Brief:
Copy the entries below in full, keeping them exactly as they are.

▼

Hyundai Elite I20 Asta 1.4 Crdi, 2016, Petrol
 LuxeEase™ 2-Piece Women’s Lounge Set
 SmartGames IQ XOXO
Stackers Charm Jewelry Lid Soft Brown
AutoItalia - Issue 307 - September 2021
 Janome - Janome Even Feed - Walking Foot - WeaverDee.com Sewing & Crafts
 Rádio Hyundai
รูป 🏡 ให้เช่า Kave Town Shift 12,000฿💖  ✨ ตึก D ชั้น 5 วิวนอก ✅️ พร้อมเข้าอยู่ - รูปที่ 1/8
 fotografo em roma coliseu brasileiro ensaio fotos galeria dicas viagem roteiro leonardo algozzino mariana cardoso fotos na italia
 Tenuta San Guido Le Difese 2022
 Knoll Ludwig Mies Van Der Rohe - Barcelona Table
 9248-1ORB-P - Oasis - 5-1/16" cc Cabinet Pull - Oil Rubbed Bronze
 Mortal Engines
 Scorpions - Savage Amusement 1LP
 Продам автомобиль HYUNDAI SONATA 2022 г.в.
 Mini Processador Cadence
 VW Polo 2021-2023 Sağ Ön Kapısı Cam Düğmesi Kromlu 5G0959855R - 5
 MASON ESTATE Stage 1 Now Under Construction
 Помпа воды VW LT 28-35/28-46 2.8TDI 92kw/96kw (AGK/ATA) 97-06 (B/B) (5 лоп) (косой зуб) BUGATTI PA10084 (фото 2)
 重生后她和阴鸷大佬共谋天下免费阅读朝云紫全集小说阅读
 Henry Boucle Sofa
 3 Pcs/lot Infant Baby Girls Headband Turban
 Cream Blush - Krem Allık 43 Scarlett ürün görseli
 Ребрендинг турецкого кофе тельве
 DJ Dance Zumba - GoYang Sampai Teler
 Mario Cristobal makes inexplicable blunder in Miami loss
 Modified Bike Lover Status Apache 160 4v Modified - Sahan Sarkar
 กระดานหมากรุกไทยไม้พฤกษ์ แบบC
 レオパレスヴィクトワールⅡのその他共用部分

▲

Solution:
Hyundai Elite I20 Asta 1.4 Crdi, 2016, Petrol
 LuxeEase™ 2-Piece Women’s Lounge Set
 SmartGames IQ XOXO
Stackers Charm Jewelry Lid Soft Brown
AutoItalia - Issue 307 - September 2021
 Janome - Janome Even Feed - Walking Foot - WeaverDee.com Sewing & Crafts
 Rádio Hyundai
รูป 🏡 ให้เช่า Kave Town Shift 12,000฿💖  ✨ ตึก D ชั้น 5 วิวนอก ✅️ พร้อมเข้าอยู่ - รูปที่ 1/8
 fotografo em roma coliseu brasileiro ensaio fotos galeria dicas viagem roteiro leonardo algozzino mariana cardoso fotos na italia
 Tenuta San Guido Le Difese 2022
 Knoll Ludwig Mies Van Der Rohe - Barcelona Table
 9248-1ORB-P - Oasis - 5-1/16" cc Cabinet Pull - Oil Rubbed Bronze
 Mortal Engines
 Scorpions - Savage Amusement 1LP
 Продам автомобиль HYUNDAI SONATA 2022 г.в.
 Mini Processador Cadence
 VW Polo 2021-2023 Sağ Ön Kapısı Cam Düğmesi Kromlu 5G0959855R - 5
 MASON ESTATE Stage 1 Now Under Construction
 Помпа воды VW LT 28-35/28-46 2.8TDI 92kw/96kw (AGK/ATA) 97-06 (B/B) (5 лоп) (косой зуб) BUGATTI PA10084 (фото 2)
 重生后她和阴鸷大佬共谋天下免费阅读朝云紫全集小说阅读
 Henry Boucle Sofa
 3 Pcs/lot Infant Baby Girls Headband Turban
 Cream Blush - Krem Allık 43 Scarlett ürün görseli
 Ребрендинг турецкого кофе тельве
 DJ Dance Zumba - GoYang Sampai Teler
 Mario Cristobal makes inexplicable blunder in Miami loss
 Modified Bike Lover Status Apache 160 4v Modified - Sahan Sarkar
 กระดานหมากรุกไทยไม้พฤกษ์ แบบC
 レオパレスヴィクトワールⅡのその他共用部分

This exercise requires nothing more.